Correlation refers to linear dependence. However, you can have non-linear dependencies. Here is the standard plot from the Wikipedia page on correlation and linear dependence:
The bivariate distributions in the bottom row all have zero correlation, but clear patterns. Thus, although standard (OLS) regression methods enforce a zero correlation between the residuals and the predicted values, there can still be a detectable pattern that indicates the functional form is mis-specified. Consider the following plot, taken from this CV question: How do I interpret this fitted vs residuals plot? As I argue in my answer there, it provides evidence of mis-specified functional form.
Best Answer
Let's say that you have data which looks like this:
plot(seq(-20:20), seq(-20:20)^2)
- I am working in R by the way.If you fit a straight line to it (i.e. y ~ x) using ordinary least squares regression, meaning you try and minimise the distance of the points from the line, you will end up with the line being above the points at the bottom, below the observations in the middle, and then above them again at the top. Have you accurately captured relationship between the two variables?
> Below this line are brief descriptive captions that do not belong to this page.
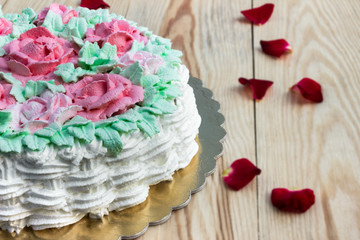 Delicious creamy cake basket of roses (half cake) on  wooden table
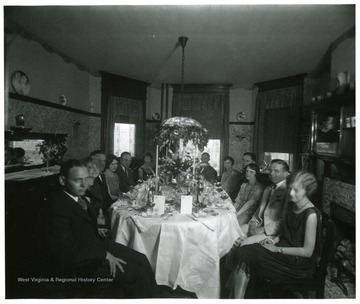 People seated around an elaborate dinner table.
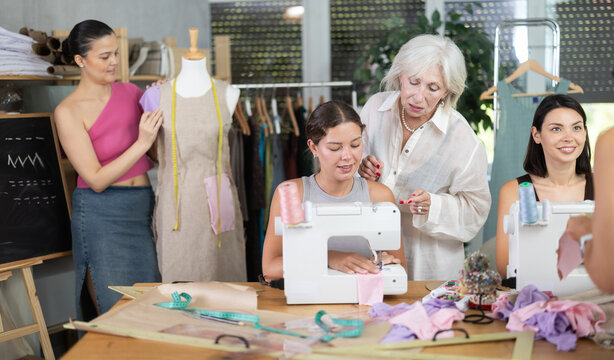 Older female instructor standing beside young woman stitching at machine, offering help during group sewing practical class in cozy professional workshop..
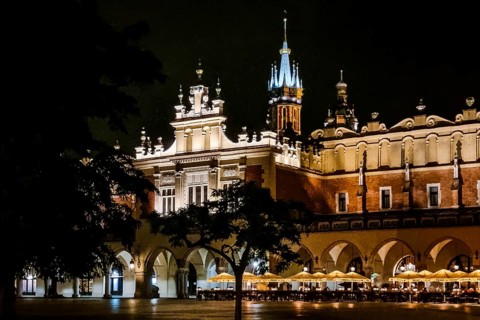Night view of Rynek with Cloth Hall, from 13th century, Main Market Square, city landmark, Krakow,
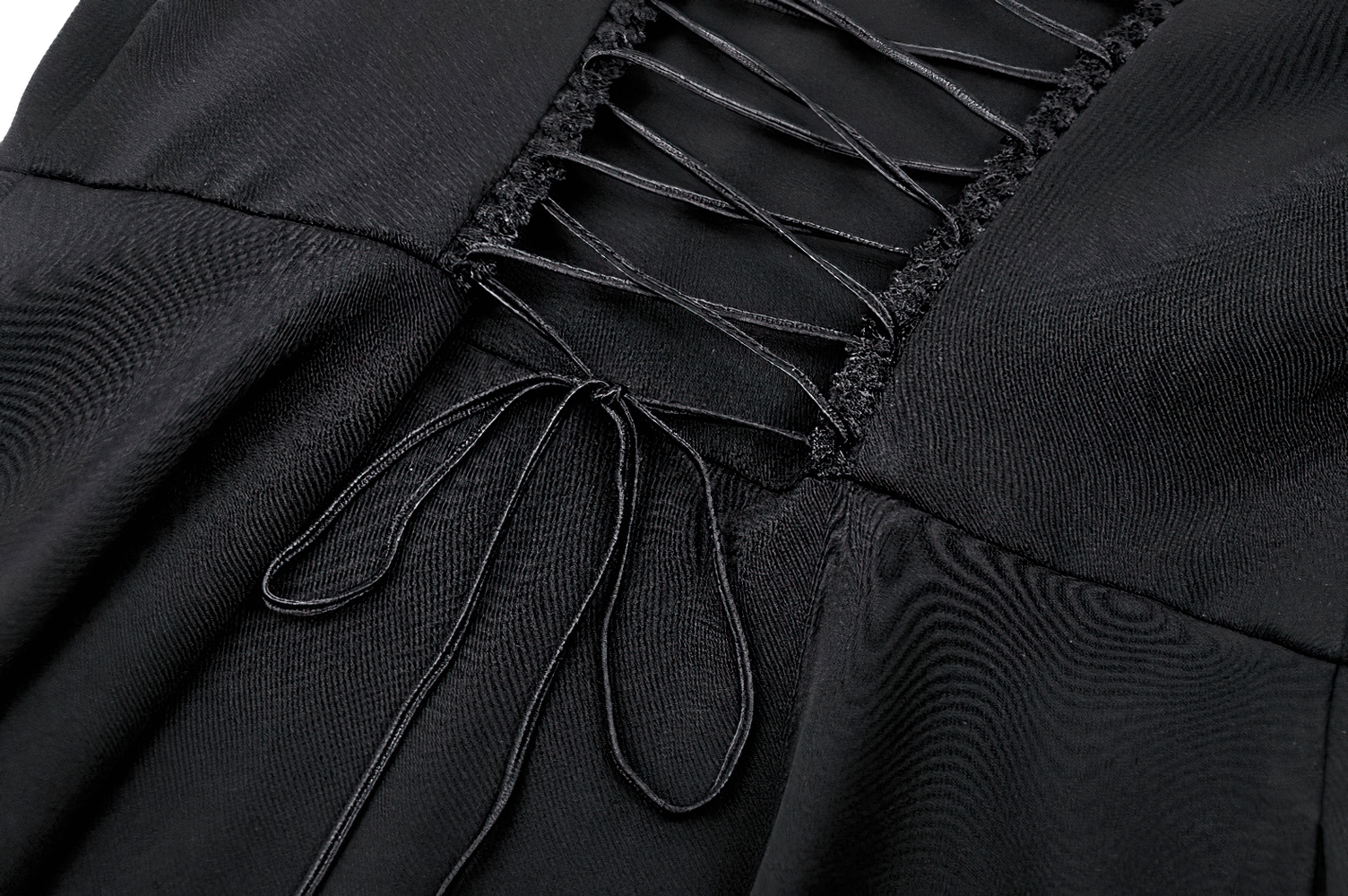 Close-up of the lace-up back detail on a black goth dress, showcasing its elegant structure and design.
What will end up happening when you check your residual v.s. fitted values is you will see that points on the left side will be above zero, those in the middle below the zero line, and then above them on the right hand side... hopefully this sounds familiar. The residual plot is almost turning the graph on its side with the fitted line as the zero line, perpendicular to the x-axis, and the points showing their distance from the line for a given fitted value. It is essentially showing you that there is still some pattern in your data that you have not adequately captured because you tried to fit a straight line to curved data. A curve in your residuals suggests you should allow your line to curve by fitting whats called a polynomial. A quadratic is a polynomial which allows for a single curve in your line and has the relationship y ~ x^2. Cubic models allow for two bends (y ~ x^3) and so one.
In a linear model the assumption is that the residuals (i.e. the distance between the fitted line and the actual observations) is patternless, normally distributed with variance sigma^2 and mean 0. The patternless bit means that we have captured all pattern with our line. The sigma^2 is just a place holder but what it indicates is that the variance is constant. The mean of 0 is there to ensure that the residuals are roughly symmetric either side of the fitted line. Much of this we can check with a simple residuals v.s. fitted values plot as it can visually display some of these attributes (i.e. patternless, mean 0 and constant variance).
If my explanation isn't doing it for you Khan Academy gives another good explanation and walk-through here - hopefully this helps! Let me know if you need anything clarified.
I wouldn't personally use the term non-linear, just because there are things called non-linear models which are quite different from what we are talking about, and it can avoid some confusion down the line! I would instead call it a non-linear association between your terms, or a polynomial model. If you want to understand why I am against calling what we are talking about non-linear see this link.